A dourada e o robalo também são ricos em ómega 3 e pobres em colesterol, mas o consumo só é sustentável se a origem for a aquacultura. A forma selvagem destas duas espécies, respeitando os tamanhos aconselhados, e tendo dinheiro para as pagar nos mercados, entram na lista “alternativa”, que inclui “espécies cujo método de captura/criação apresenta poucas preocupações”, mas também “espécies abundantes, mas com pouco adultos reprodutores ou sobre as quais existe pouca informação, ou espécies cujo habitat está em risco devido à ação humana”.

Já o salmão, outro peixe gordo recomendado pela quantidade de ómega 3, está na lista de peixes a “evitar”, que inclui “espécies vulneráveis, sobre-exploradas, com gestão deficiente ou cujos métodos de captura/criação são desadequados e/ou com impacto no meio ambiente”.

Regra geral, os peixes das listas do cartão S.O.S. Oceano são baixos em colesterol, constituindo por isso uma boa alternativa à carne. A Roda dos Alimentos recomenda 1,5 a 4,5 porções de carne, peixe ou ovos por dia, sendo que uma porção de carne ou peixe são 25-30 gramas e uma porção de ovo é um ovo de tamanho médio. Se comer um bife de vaca de 100 gramas à hora de almoço tem a recomendação para esse dia completa.

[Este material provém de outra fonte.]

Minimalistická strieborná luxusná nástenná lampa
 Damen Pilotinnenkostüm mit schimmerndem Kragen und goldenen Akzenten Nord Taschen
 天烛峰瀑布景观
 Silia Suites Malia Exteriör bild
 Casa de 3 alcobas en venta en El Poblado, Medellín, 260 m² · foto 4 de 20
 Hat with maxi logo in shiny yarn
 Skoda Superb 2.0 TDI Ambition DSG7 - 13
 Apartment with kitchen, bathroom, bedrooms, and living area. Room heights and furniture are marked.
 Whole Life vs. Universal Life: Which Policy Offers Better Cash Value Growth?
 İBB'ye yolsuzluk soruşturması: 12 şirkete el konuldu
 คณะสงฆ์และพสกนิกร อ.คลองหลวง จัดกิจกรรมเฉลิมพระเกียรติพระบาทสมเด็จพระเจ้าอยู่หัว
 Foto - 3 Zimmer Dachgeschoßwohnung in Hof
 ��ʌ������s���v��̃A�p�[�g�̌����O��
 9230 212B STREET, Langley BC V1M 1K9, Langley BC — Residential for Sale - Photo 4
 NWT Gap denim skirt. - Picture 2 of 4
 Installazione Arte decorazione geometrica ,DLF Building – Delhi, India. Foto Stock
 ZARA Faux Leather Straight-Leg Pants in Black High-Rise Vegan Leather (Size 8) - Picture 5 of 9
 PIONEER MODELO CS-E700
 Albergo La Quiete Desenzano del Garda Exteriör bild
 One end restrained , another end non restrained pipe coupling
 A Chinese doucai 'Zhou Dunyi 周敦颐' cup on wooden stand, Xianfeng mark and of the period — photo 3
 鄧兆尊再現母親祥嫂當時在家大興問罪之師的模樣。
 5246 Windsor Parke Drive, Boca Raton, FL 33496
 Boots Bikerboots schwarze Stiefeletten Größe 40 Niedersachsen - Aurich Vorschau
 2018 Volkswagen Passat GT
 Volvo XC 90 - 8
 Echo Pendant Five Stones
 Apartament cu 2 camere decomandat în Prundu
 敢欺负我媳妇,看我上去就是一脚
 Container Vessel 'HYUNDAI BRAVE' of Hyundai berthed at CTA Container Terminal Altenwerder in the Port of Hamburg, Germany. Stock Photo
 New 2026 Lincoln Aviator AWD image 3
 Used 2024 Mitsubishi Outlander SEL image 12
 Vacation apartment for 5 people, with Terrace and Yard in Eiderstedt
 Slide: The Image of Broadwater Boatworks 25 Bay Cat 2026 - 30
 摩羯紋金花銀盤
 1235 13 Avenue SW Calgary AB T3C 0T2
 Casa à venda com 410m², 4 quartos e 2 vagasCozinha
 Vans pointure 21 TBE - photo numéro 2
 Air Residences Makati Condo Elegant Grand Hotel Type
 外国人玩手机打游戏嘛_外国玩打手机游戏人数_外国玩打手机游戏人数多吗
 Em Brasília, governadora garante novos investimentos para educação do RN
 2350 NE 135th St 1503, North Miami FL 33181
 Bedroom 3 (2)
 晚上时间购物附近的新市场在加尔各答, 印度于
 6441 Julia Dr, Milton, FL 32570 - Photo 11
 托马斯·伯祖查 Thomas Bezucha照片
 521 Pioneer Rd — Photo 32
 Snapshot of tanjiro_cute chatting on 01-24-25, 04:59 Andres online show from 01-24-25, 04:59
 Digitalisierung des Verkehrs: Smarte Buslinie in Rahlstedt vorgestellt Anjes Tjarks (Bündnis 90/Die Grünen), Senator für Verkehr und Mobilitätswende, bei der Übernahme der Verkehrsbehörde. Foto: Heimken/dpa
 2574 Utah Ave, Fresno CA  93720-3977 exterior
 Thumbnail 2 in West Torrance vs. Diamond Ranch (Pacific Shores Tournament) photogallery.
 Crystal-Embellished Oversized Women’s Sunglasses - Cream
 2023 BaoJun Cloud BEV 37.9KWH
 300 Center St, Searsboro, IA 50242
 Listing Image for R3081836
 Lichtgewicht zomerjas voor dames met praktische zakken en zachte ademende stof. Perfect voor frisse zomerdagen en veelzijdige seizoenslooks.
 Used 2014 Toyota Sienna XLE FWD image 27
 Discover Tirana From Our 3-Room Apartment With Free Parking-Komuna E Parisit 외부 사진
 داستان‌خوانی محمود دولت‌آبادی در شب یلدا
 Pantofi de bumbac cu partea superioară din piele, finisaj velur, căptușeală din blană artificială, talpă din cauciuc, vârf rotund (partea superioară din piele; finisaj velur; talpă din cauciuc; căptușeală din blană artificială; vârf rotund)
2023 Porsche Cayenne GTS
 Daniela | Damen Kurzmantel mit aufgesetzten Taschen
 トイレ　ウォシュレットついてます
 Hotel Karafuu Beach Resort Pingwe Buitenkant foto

“Os portugueses são responsáveis por mais de 25% do consumo global de bacalhau”, informa o Oceanário.

Na lista “alternativa”, e mesmo na das espécie a “evitar” caso tenham menos de 35 centímetros, está o bacalhau, o peixe que parece não poder faltar numa casa tradicional portuguesa. As recomendações dos limites de pesca propostas pela Comissão Europeia alertam que a maior parte das zonas de pesca do bacalhau estão sobre-exploradas ou ultrapassaram os limites biológicos seguros – nestas zonas deve interromper-se a pesca.

Entre as melhores escolhas aparecem também o choco e o polvo-comum (mas atenção ao tamanho), porque são uma boa fonte de potássio. Este mineral é importante para o equilíbrio de sais dentro e fora das células e quando os níveis sobem ou baixam muito no sangue podem provocar problemas cardíacos, refere Nuno Borges. Aparentemente, manter os níveis de potássio altos ajuda a manter a tensão baixa, diz o nutricionista. Outro mineral, o magnésio, importante para o funcionamento do músculo cardíaco, do músculo esquelético e do sistema nervoso central, aparece em quantidade na ameijoa-boa, também na lista das melhores escolhas.